EXETER – Paula Hughes has her sewing machine set up at the kitchen table where she has been busy celebrating the end of her breast cancer treatment by making fluffy fleece blankets for women seeking comfort during their own battles.
Creating these blankets, which are bright solid pink on one side and white with imprinted pink ribbons on the reverse, reflects Paula’s generous spirit. In this case, the blankets were destined for a cancer treatment center until she learned of two people she knows who have been diagnosed. They will receive the snuggly fleece.
In the wider community, she may be better known for her incredible gift to the girls of Coventry High School.
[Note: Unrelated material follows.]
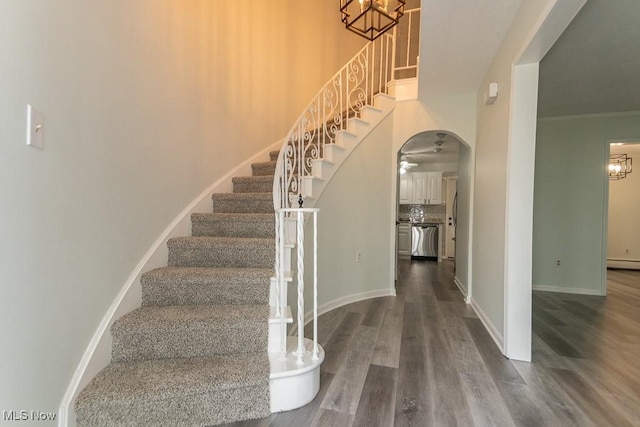 3 Meadowlawn Dr Unit 13, Mentor, OH 44060 - stairs with a chandelier, arched walkways, and wood finished floors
Paula is the owner of the Three Sisters Boutique located in Oak Harbour Mall, a place she opened nine years ago after a career spent working in a doctor’s office. She plans to be open another month then retire for good and focus on doing volunteer work with women going through treatment.
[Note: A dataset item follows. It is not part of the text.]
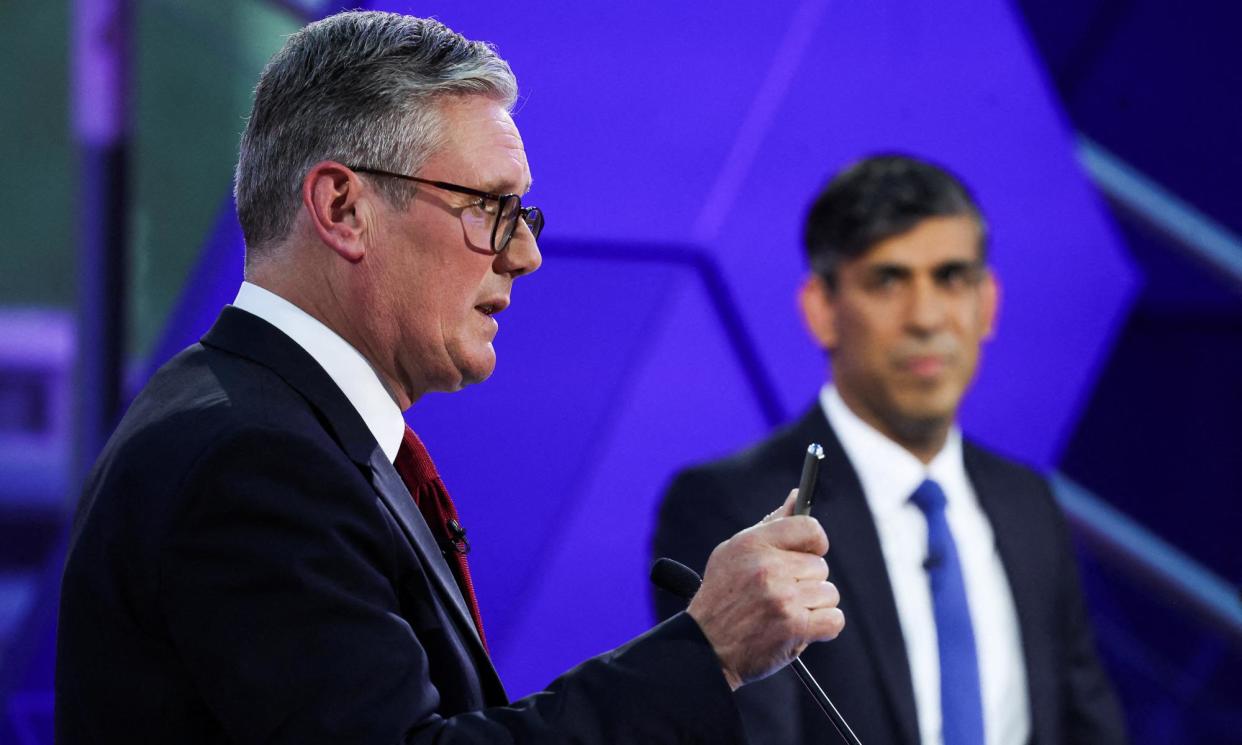 <span>Keir Starmer and Rishi Sunak during the last live TV debate of the election campaign, at Nottingham Trent University on 26 June.</span><span>Photograph: Phil Noble/AFP/Getty Images</span>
In her inventory, Paula had 70 brand new prom gowns. “I realized there was no way I could do it [handle the fittings and sales] this year,” she explains. “My daughter-in-law teaches at Coventry High School and got permission for us to set up a Cinderella’s Closet program.
“A lot of the students couldn’t go to the prom because they couldn’t afford a gown. They can cost as much as $200.”
Instead, girls got to choose from among the 70 dresses and everybody could go to the ball, just as Cinderella had. The only condition was the dresses had to be cleaned and returned afterward so they can be used by another set of girls next year.
Paula’s own story comes with a Prince Charming – her husband of nearly 41 years, Bob, whom she started dating in high school – but it also contains an evil curse, a history of breast cancer in her family.
Diagnosed on Sept. 15, 2010, Paula, who turns 60 New Year’s Eve, says she wasn’t surprised.
“My grandmother had it, my aunt had it; my mother had it twice and now she has leukemia.” Paula had melanoma, a form of skin cancer, 10 years ago.
The tumor was detected during a routine gynecologic checkup. “My doctor noticed it and even though I already had a mammogram scheduled, she didn’t want me to wait.” After the initial screening, Paula underwent an ultrasound, biopsy and an MRI. She began chemotherapy on Oct. 13 and finished in March.
“I lost my hair after the third week,” she recalls. “I buzzed my own head. I waited till everyone was gone in case I cried.”
Paula says her husband went with her to every single chemo treatment and “the fact that he was there” meant everything.
In April, she had a partial mastectomy and three lymph nodes were removed during surgery at the Rhode Island Hospital Comprehensive Cancer Center. Three weeks later she embarked on 33 radiation treatments.
Paula had her first follow-up mammogram Oct. 5; it was clear.
She laughs, saying she got through the ordeal with “a lot of shopping” and is now engaged in keeping fit by participating in the national Live Strong exercise program sponsored by the Lance Armstrong Foundation.
“It feels great,” she says. “It’s women and men cancer survivors. We use all the [cardio] machines.”
Paula states, “If anyone had told me what I’d be going through I would never have believed I could do it. But you do. Life goes on but it’s difficult.
“Where I am now compared to where I was a year ago has been a journey but I’ve survived it. I’ve learned to really appreciate my family. They rallied so quickly; my sister and sister-in-law took turns driving me [to radiation therapy] every single morning. My family and friends have been incredible.”
She does not call her experience a battle, choosing instead to say she simply takes life one day at a time. But she has long-range plans involving her 12-year-old granddaughter.
“I’m going to dance at her wedding,” she says.